In relation to National Units and Courses in Gàidhlig, Gaelic (Learners) and Modern Languages at all levels, using British Sign Language (BSL) to demonstrate reading, writing, talking or listening abilities in the particular language will not be a reasonable adjustment.

British Sign Language is a visual-gestural language used by many d/Deaf learners. BSL is recognised as a language in its own right. National Courses in Gàidhlig, Gaelic (Learners) or in Modern Languages specifically require candidates to demonstrate their competence in reading, writing, talking and listening in the target language concerned. Using BSL would not secure that the National Courses in Gàidhlig, Gaelic (Learners) or in Modern Languages provided a reliable indication of the knowledge and skills of the candidate upon whom they are conferred.

Example

In a National 5 German listening assessment, the provision of a BSL interpreter would not be allowed. The provision of the BSL interpreter would mean that the candidate was not demonstrating the ability to understand spoken German, which is the assessment objective. Other reasonable adjustments such as a live presentation to allow the candidate to lip read may be appropriate. 

 

Specification 6 - Communication Units

In relation to National Core Skills Communication Units and to National Certificate Communication Units, exemption from demonstrating abilities in reading, writing, listening or speaking will not be a reasonable adjustment.

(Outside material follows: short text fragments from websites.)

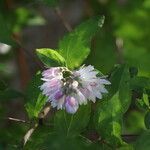Deutzia crenata flower picture by Patrick FAYOLLE (cc-by-sa)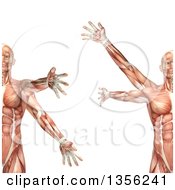 3d Anatomical Man With Visible Muscles Showing Circumduction On A White Background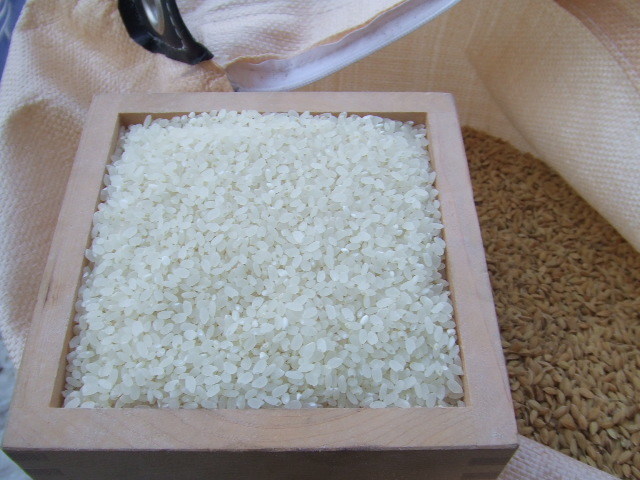 【白米】長野県産ブレンド米30キロ（10キロ×3袋）長野産米100％ つきたてをお届けします！！_画像3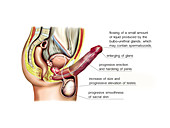 Male sexual response,illustration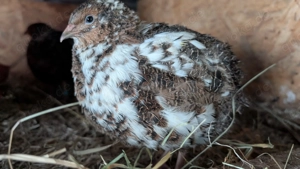 Seltene Wachtelküken speckled   spotted pattern Küken Tupfen Tüpfel Legewachtel Wachtel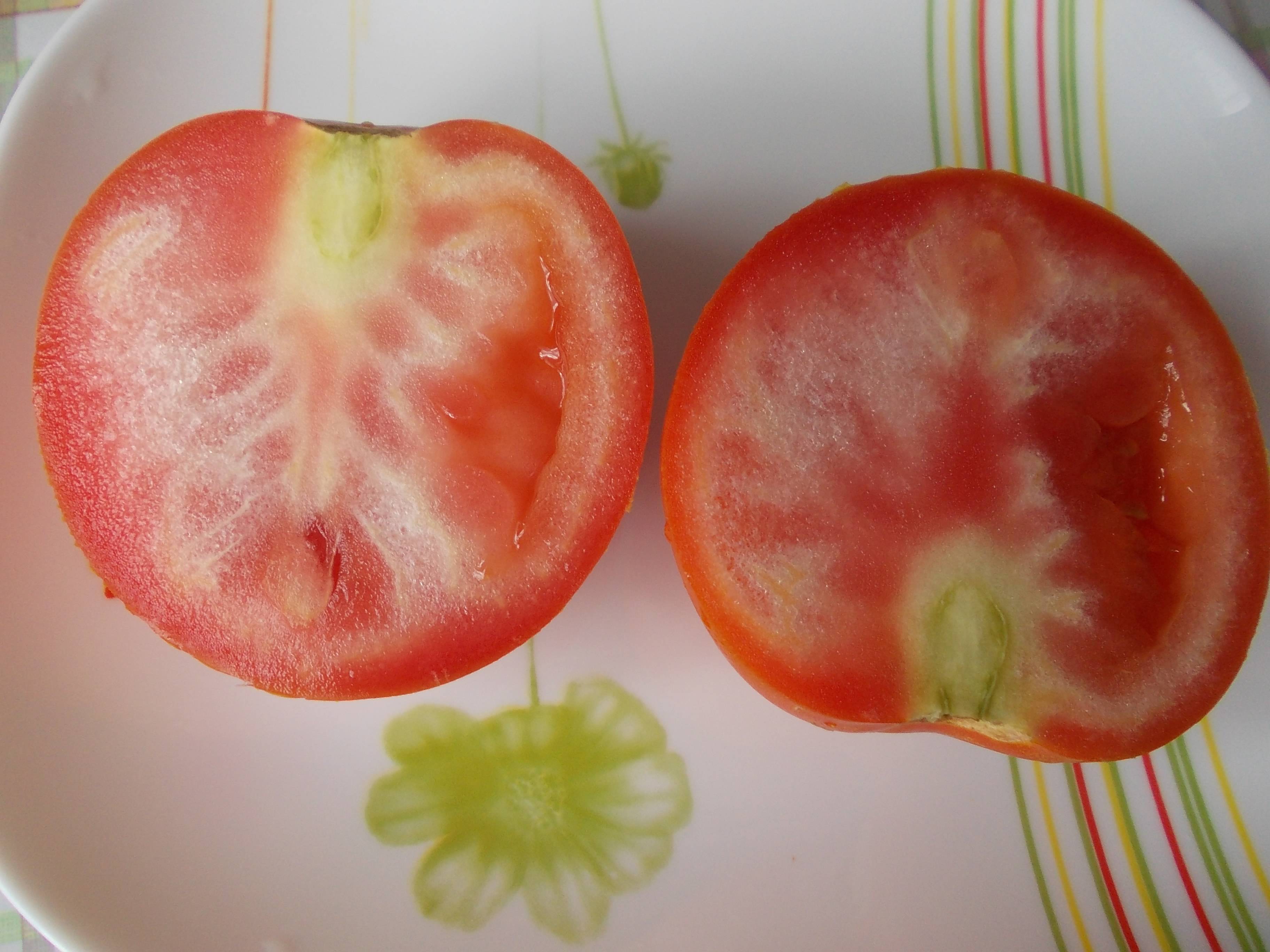 Почему помидоры красные. Столбур томатов. Столбур плодов томатов. Томаты с белыми прожилками внутри. Фитоплазмоз томатов.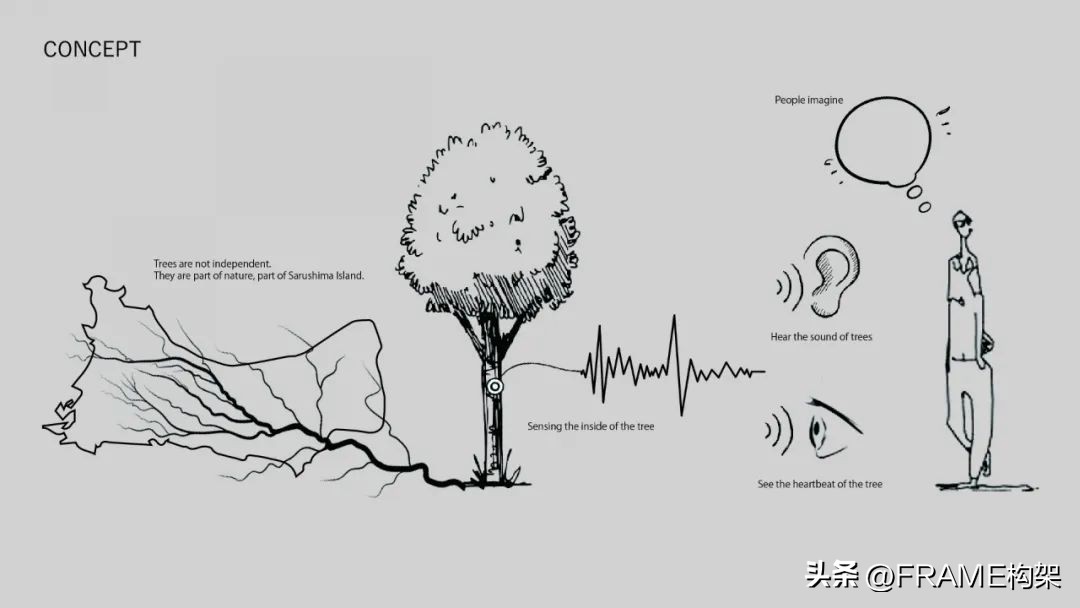 一周最受欢迎|Aesop多伦多体验店、哥伦比亚公寓、日本TreeSays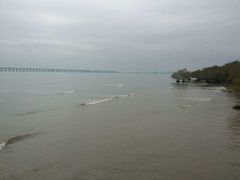 -宝安西湾红树林湿地公园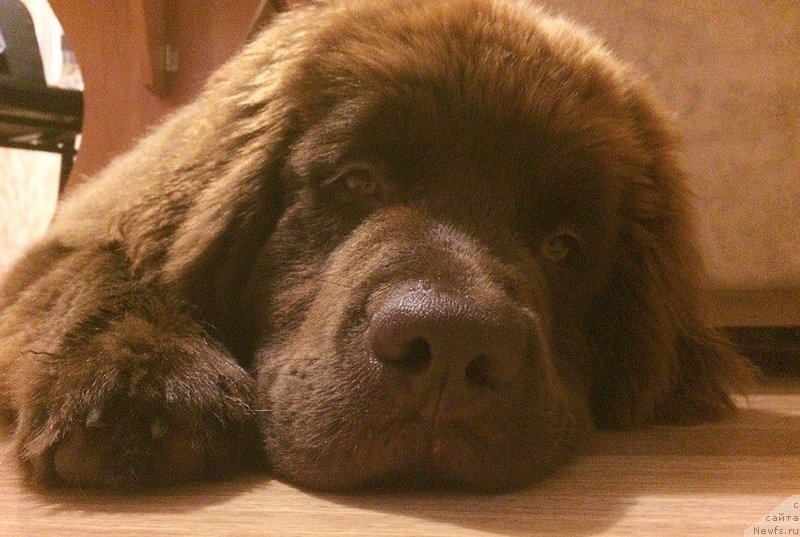 Фото: ньюфаундленд Браунблад МСК Джейн Венди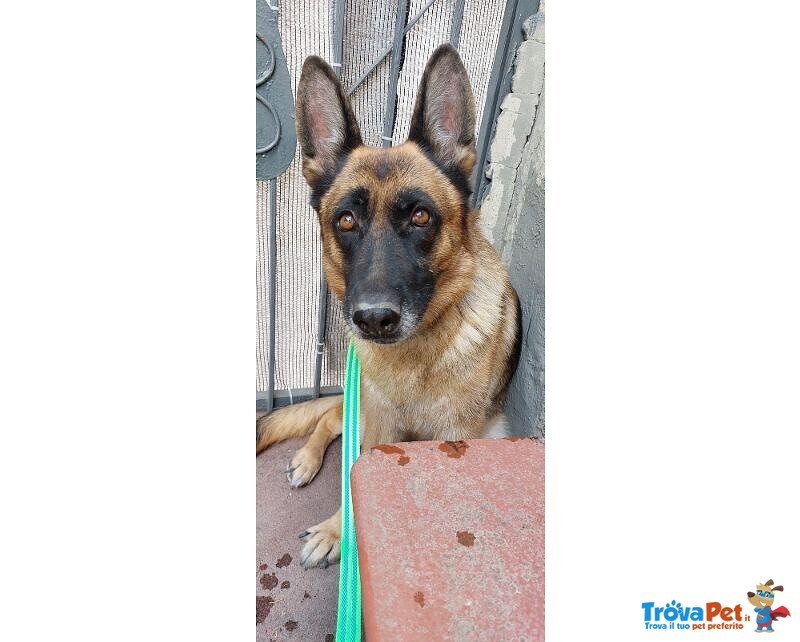 Pastore Tedesco 5anni Femmina Viveva in Terrazza al Caldo con 1altro Cagnolino! Sicilia - Foto n. 1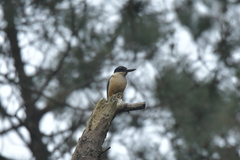 Todiramphus sanctus vagans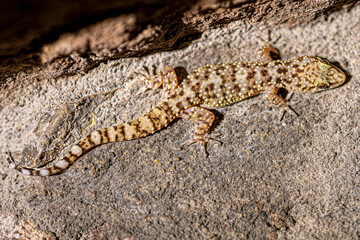 Close-Up of a Lizard on a Stone Wall in Assos, Turkey – Detailed View of Reptilian Texture and Natural Camouflage in an Ancient Setting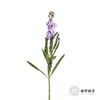 配花 | 紫罗兰浅紫(季节原因,把头较小.介意慎拍) 商品缩略图5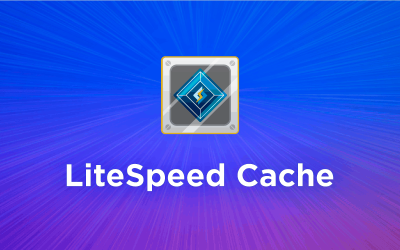 What is LiteSpeed Cache and How It Can Give Your Website a Boost?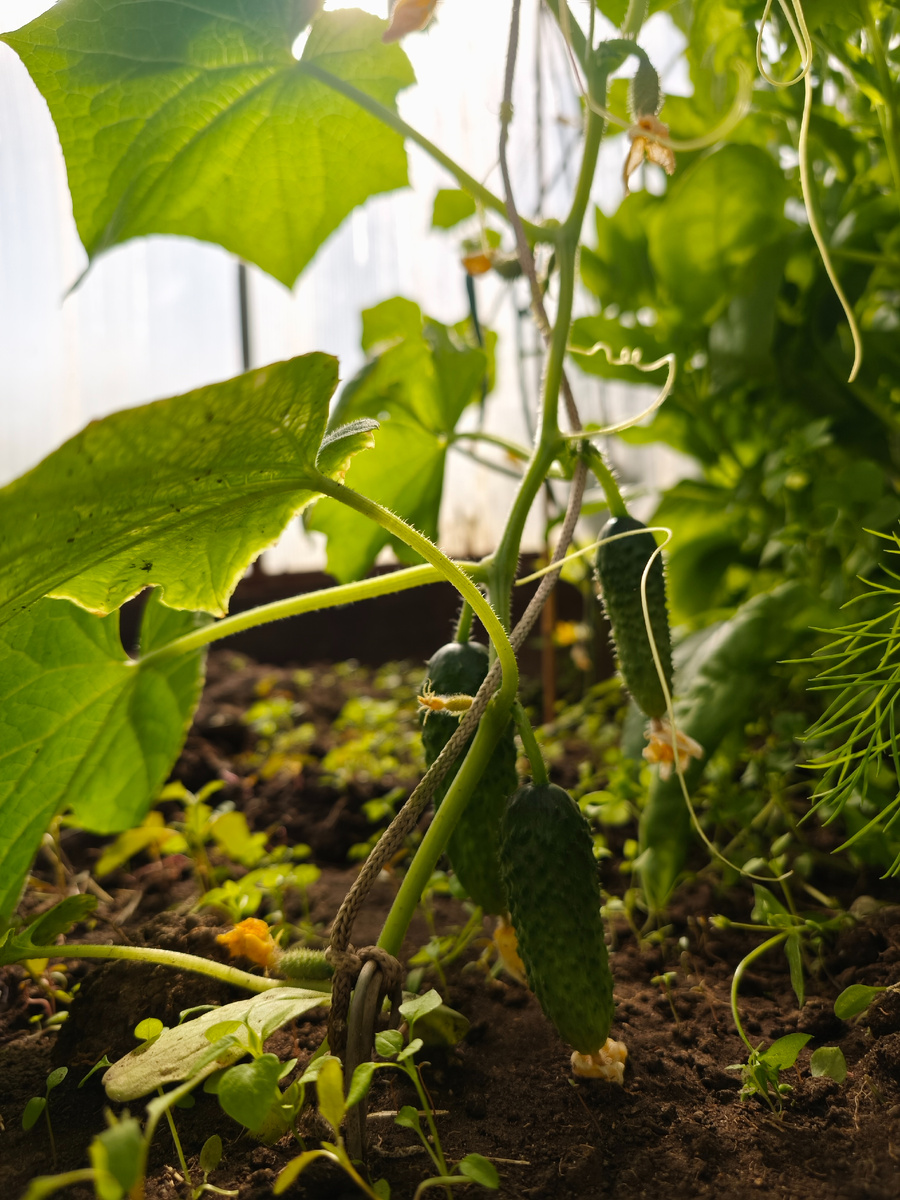 Огурец "Само совершенство"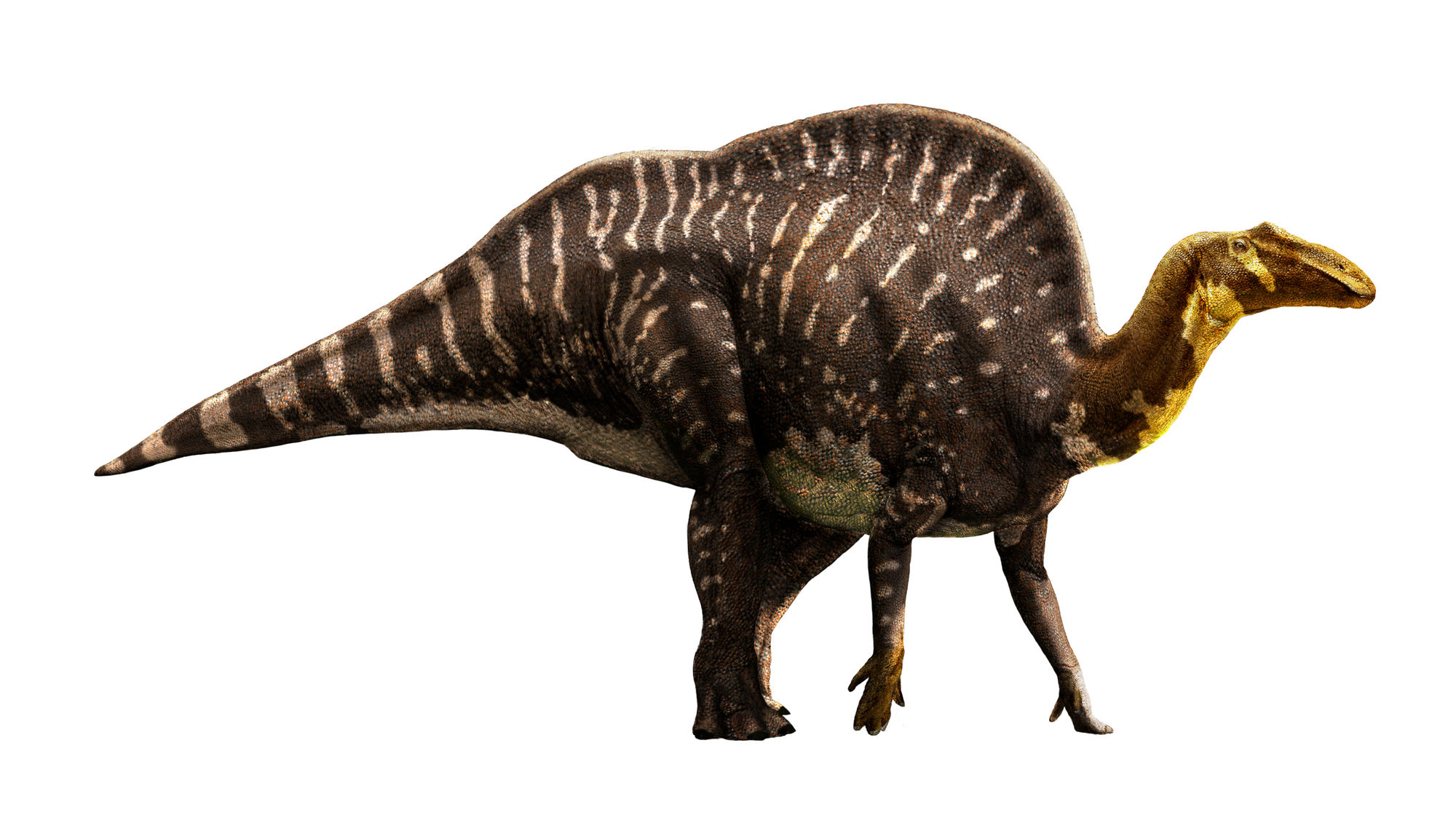 Ouranosaurus_AfricaScene_01_100ppi (1).jpg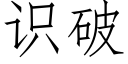 識破 (仿宋矢量字庫)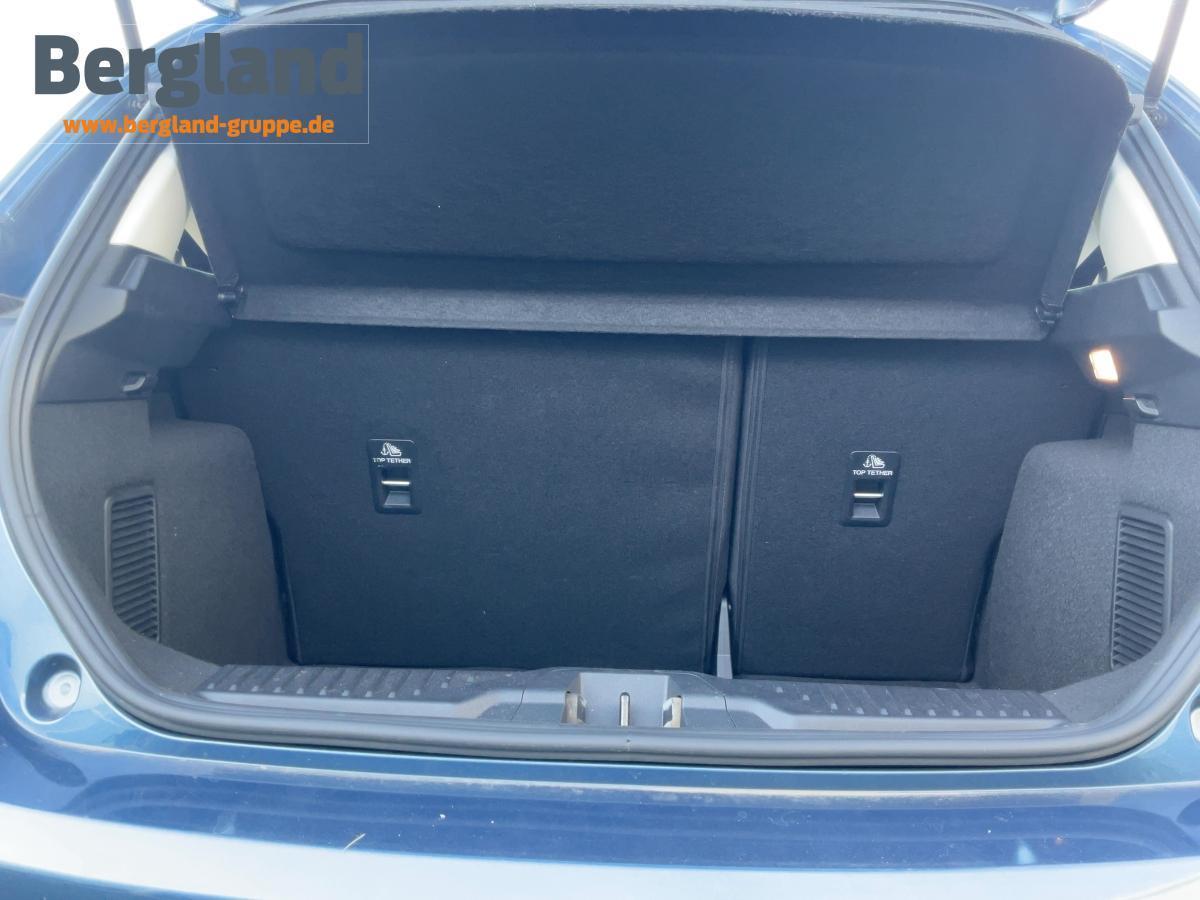 FORD Titanium 1.0L MHEV *Winter-Paket FORD Titanium 1.0L MHEV *Winter-Paket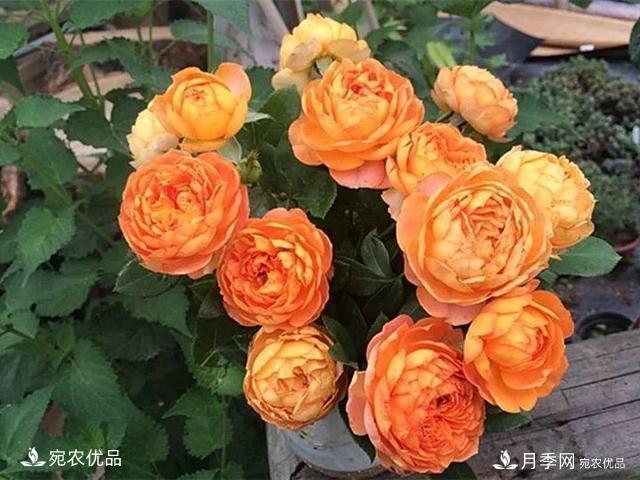 熱門(mén)50種月季花品種展示，每一種養法還不一樣快來(lái)看看！(圖36)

An award of a Core Skill Communication Unit indicates that the candidate has reached a level of competence in reading, writing, listening and speaking. The development of these four skills and the demonstration of their achievement are deemed to be of key importance to the award. Therefore, it is not possible to exempt a disabled candidate from demonstrating abilities in reading, writing, listening or speaking.

In order to minimise disadvantage, disabled candidates who are unable to decode written text are allowed to have a human reader or screen reader to enable them to demonstrate their ability to meet the assessment objectives of understanding, analysing and evaluating a piece of writing. Similarly, in the case of writing, disabled candidates who are unable to write, are allowed to have a human scribe or to use speech-recognition software to enable them to demonstrate their ability to meet the assessment objective of composing a piece of writing which is appropriate for purpose and audience.

Deaf candidates who are unable to speak and/or listen are allowed to use British Sign Language, Sign Supported English (SSE), lip speakers or any other appropriate augmentative and alternative communication to demonstrate their ability to respond and express themselves appropriately.